The BoJ’s chief lunatic Haruhiko Kuroda with one of his famous diagrams. How can this not work? It looks so neat!
Photo credit: Yuya Shino / Reuters
The speculators placed their bets, front-running the news, and sat on the edge of their chairs. This week, the BoJ came out with more mumbo-jumbo. “Yield curve control,” it promised. The central bank says it will target a 0% yield on 10-year Japanese government bonds.
It added that it would continue buying the nation’s stocks (by way of exchange-traded funds) and charging a negative interest rate of 0.1% on the accounts banks keep with it.
Japan’s stock market crashed in 1989. Since then, the no-luck Japanese have had sluggish growth, recession, and on-again/off-again deflation. For more than a quarter-century, the gears of Japan, Inc. have turned slowly. And not for lack of trying.
The government spent hundreds of trillions of yen on “infrastructure” projects in an attempt to “jump start” the economy with fiscal stimulus. At one point, they were pouring more concrete – on roads, bridges, dams, and other public works – than the entire U.S.
Critics charged that so much cement was used – channeling rivers in the countryside and building ugly bridges to nowhere – that it amounted to the largest vandalization program in history.

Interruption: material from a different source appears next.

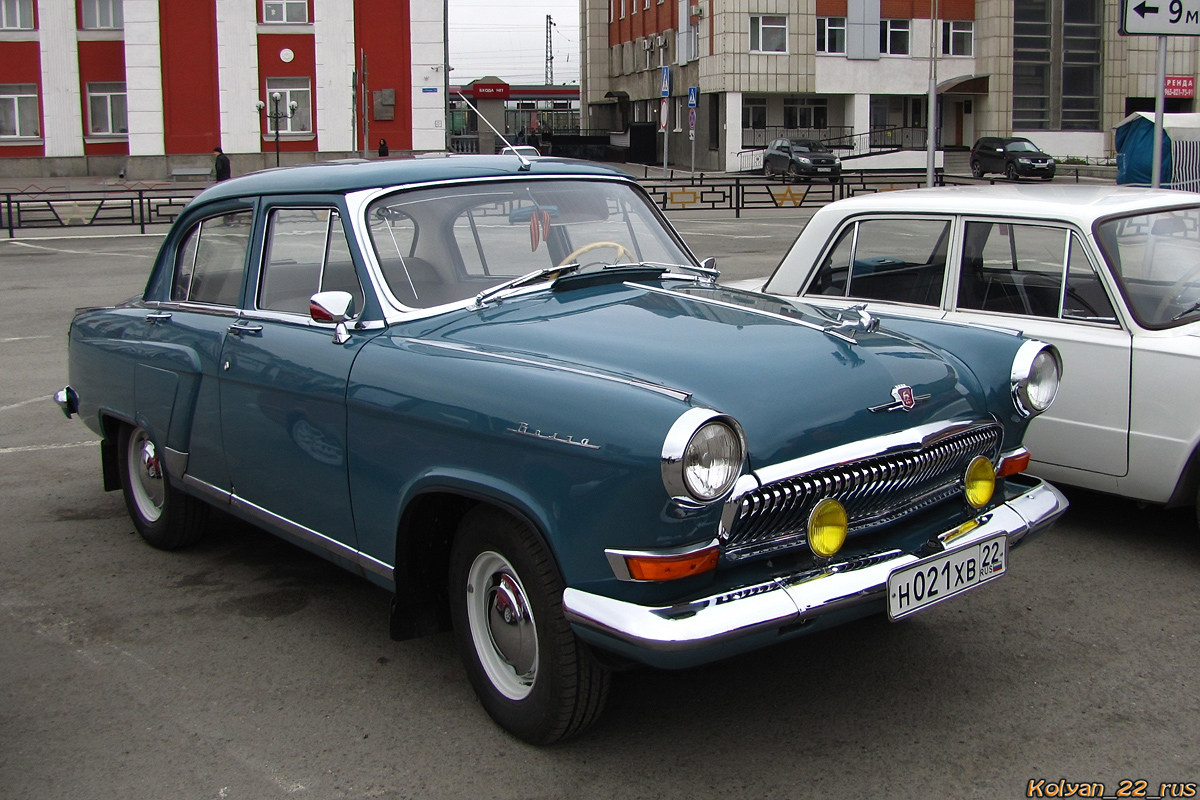 Алтайский край, № Н 021 ХВ 22 — ГАЗ-21УС Волга '65-70; Алтайский край — День Победы. Барнаул. 2018 г.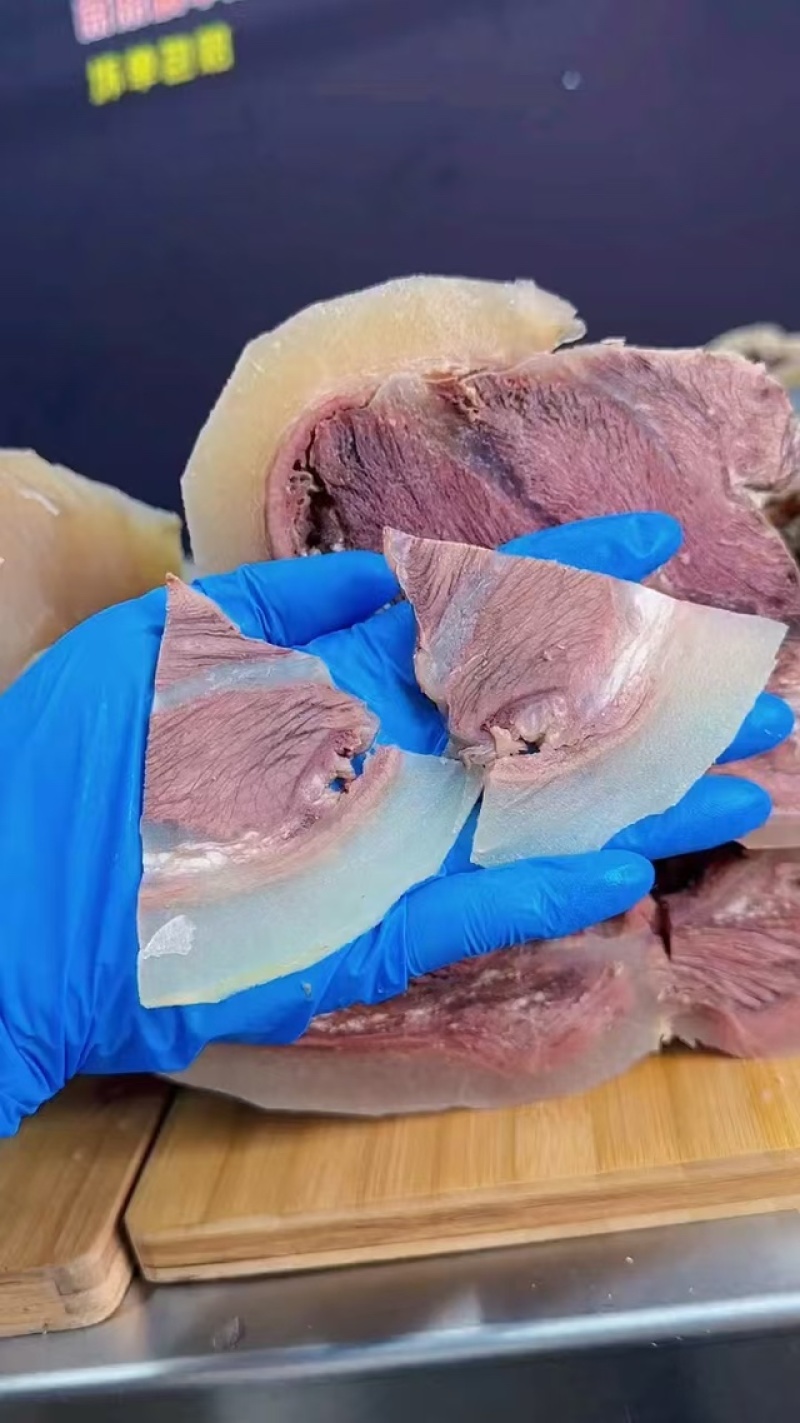 全熟牛头肉，精修去油去淋巴，现煮现发，一件也是批发价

The Japanese feds tried monetary policy, too. ZIRP (zero-interest-rate policy) began in Tokyo. They invented QE (quantitative easing) too; it was supposed to get more “liquidity” into the system and boost stock and bond returns. And yet, nothing seemed to work.
Japan’s Nikkei crashed in the early 90s after peaking at nearly 39,000 points on the last trading day of 1989. It has never come anywhere near its peak again – in spite of Japan’s government and the BoJ engaging in an unprecedented (for the post WW2 era) deficit spending and money printing orgy. In 1969, the Nikkei and the DJIA traded at roughly the same level, at just under 1,000 points. By the end of 1989 the Nikkei had increased to roughly 13.6 times the DJIA’s level. Today the DJIA is actually higher than the Nikkei – click to enlarge.
From Tokyo to Harare
But rather than admit its manipulations have done no good – rather than raise a white flag, back off and let the market sort itself out – Japanese authorities march on with more claptrap announcements, more pigheaded interventions, and more of the nation’s real wealth squandered on dumbbell projects.
Like soldiers of the Imperial Japanese Army abandoned on a remote atoll in 1945, they continue to fight a lost war. The Japanese government already has the highest debt load in the world, at 230% of GDP.
Now that the older Japanese, in retirement, are selling their Japanese government bonds rather than buying them, the central bank funds the entire government deficit. And the BoJ buys so many stocks and bonds, hustlers are said to be creating new investments just so the naïve geniuses can buy them.
BoJ assets vs. the Nikkei – the Bank of Japan’s policies are well on their way from “monumental failure” to “earth-shattering financial catastrophe”. We are getting to watch the reenactment of a game that has played out many times in history: a bunch of erudite high IQ morons manage to talk themselves into “rescuing the economy” by utterly destroying it – click to enlarge.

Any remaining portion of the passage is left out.